Department of Medicine, Yale University School of Medicine, New Haven, CT.

出版信息

Br J Dis Chest. 1988 Jul;82(3):242-50. doi: 10.1016/0007-0971(88)90064-2.

Abstract

We conducted a double-blind, randomized crossover trial to evaluate whether oral terbutaline (2.5 mg orally three times daily for a week) increased the force of diaphragmatic contraction in normocapnic patients with chronic obstructive pulmonary disease.
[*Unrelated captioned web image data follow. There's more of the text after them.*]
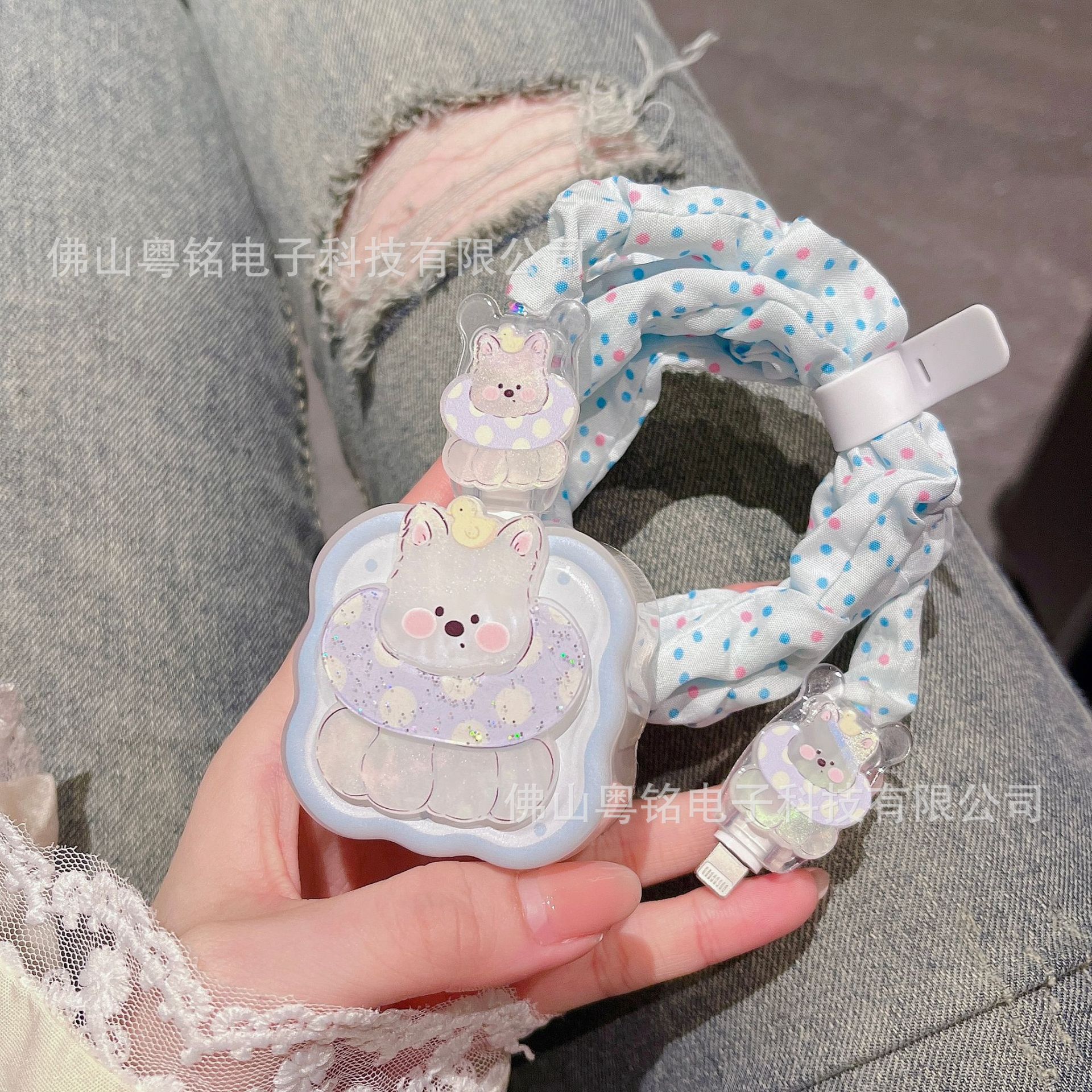 Swimming Ring Dog-Themed Protective Case for Apple 40W Wavy Edge Charger, iPhone 17 Data Cable Decoration, Dirt-Resistant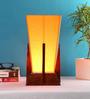 Pyramid Yellow Cotton Shade Table Lamp with Natural Brown Base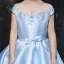 Chic / Beautiful Church Wedding Party Dresses 2017 Flower Girl Dresses Sky Blue Ball Gown Knee-Length Scoop Neck Backless Short Sleeve Satin Bow Sash Rhinestone Beading Sequins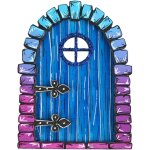 Figurine de porte de f�e en bois pour d�coration de jardin en plein air - elfe miniature - monde de conte ...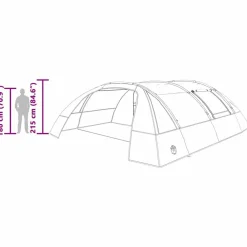 vidaXL Tienda túnel para 6 personas 700 x 590 x 215 cm Gris y naranja Outlet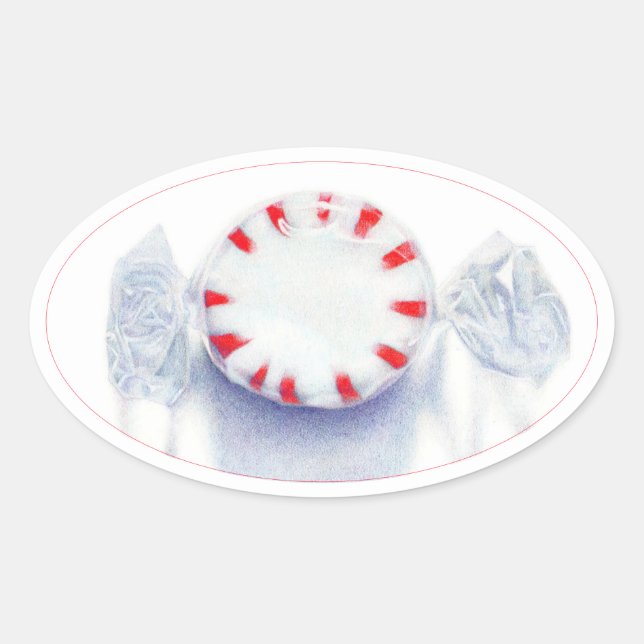 PEPPERMINT CANDY Oval Stickers  (Front)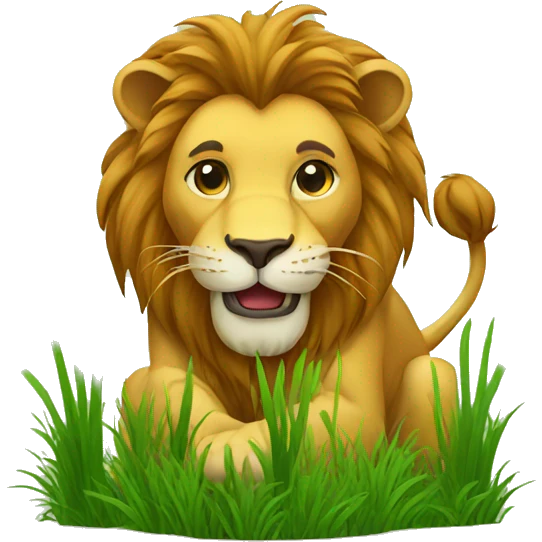 Lion eating grass emoji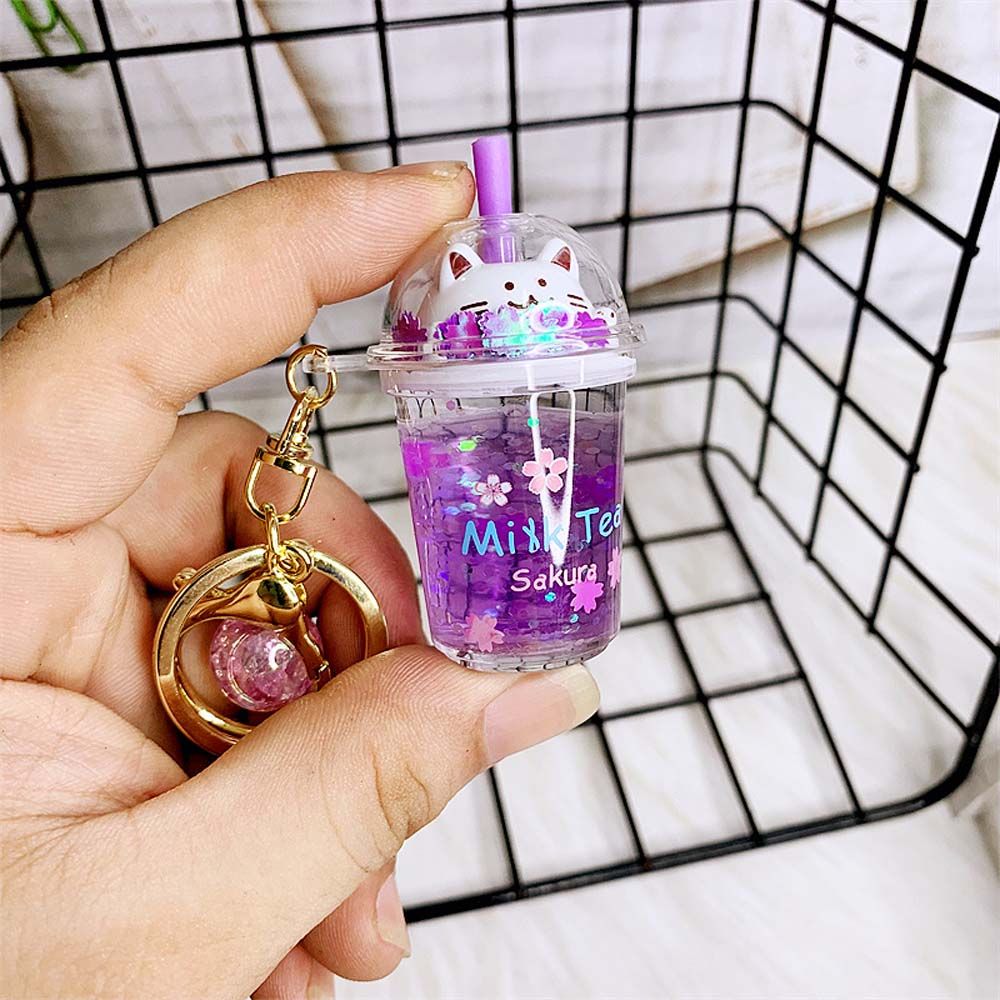 Bubble Tea Boba Cat Liquid Keychain purple Toy by The Kawaii Shoppu | The Kawaii Shoppu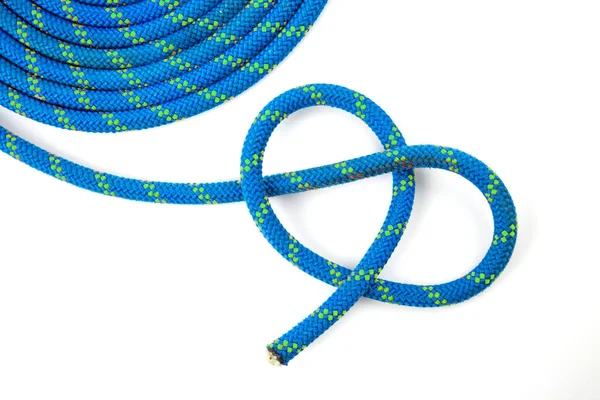 Durable Colored Rope Climbing Equipment White Background Knot Braided Cable —  Fotos de Stock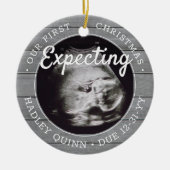 2 Foto Baby Ultrasound nieuwe ouders Faux grijs ho Keramisch Ornament (Voorkant)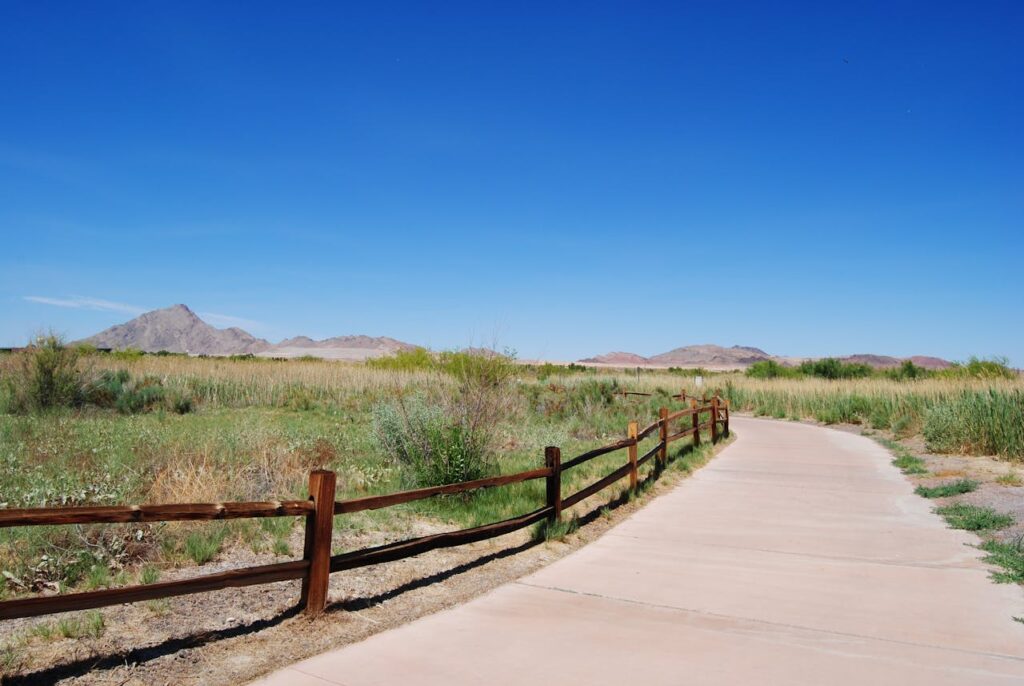 A paved path leading to a fence and a grassy area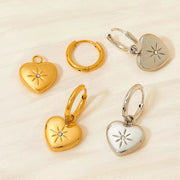 Wholesale Custom Pvd 18K Gold Plated Stainless Steel Jewelry North Star Heart Dangle Charm Hoop Earrings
Ten patients with moderate to severe airway obstruction completed the trail. Compared with placebo, terbutaline produced a mean increase of 5.8 cmH2O in peak inspiratory mouth pressure and a mean increase of 5.0 cmH2O in transdiaphragmatic pressure during a maximal inspiratory manoeuvre. These small changes with terbutaline failed to achieve statistical significance. Also, terbutaline failed to alter flow rates (FEV1, Vmax50) or patients' dyspnoea ratings using two separate clinical scales (Pneumoconiosis Research Unit Score and the Modified Dyspnoea Index). Because all observed changes in respiratory muscle strength were small and because the trial had power to detect small changes in inspiratory mouth pressures, we suggest that oral terbutaline at the dose administered in this study has little noteworthy effect on respiratory muscle strength in normocapnic patients with chronic obstructive pulmonary disease.

摘要

我们进行了一项双盲、随机交叉试验,以评估口服特布他林(每日三次,每次2.5毫克,服用一周)是否能增强慢性阻塞性肺疾病正常碳酸血症患者的膈肌收缩力。10例中重度气道阻塞患者完成了该试验。与安慰剂相比,在最大吸气动作期间,特布他林使吸气峰口压平均增加5.8 cmH2O,跨膈压平均增加5.0 cmH2O。特布他林引起的这些微小变化未达到统计学显著性。此外,特布他林未能改变流速(第一秒用力呼气容积、最大呼气中期流速),也未能使用两种不同的临床量表(尘肺研究单位评分和改良呼吸困难指数)改变患者的呼吸困难评分。由于观察到的呼吸肌力量的所有变化都很小,且该试验有能力检测吸气口压的微小变化,我们认为本研究中给予的剂量的口服特布他林对慢性阻塞性肺疾病正常碳酸血症患者的呼吸肌力量几乎没有显著影响。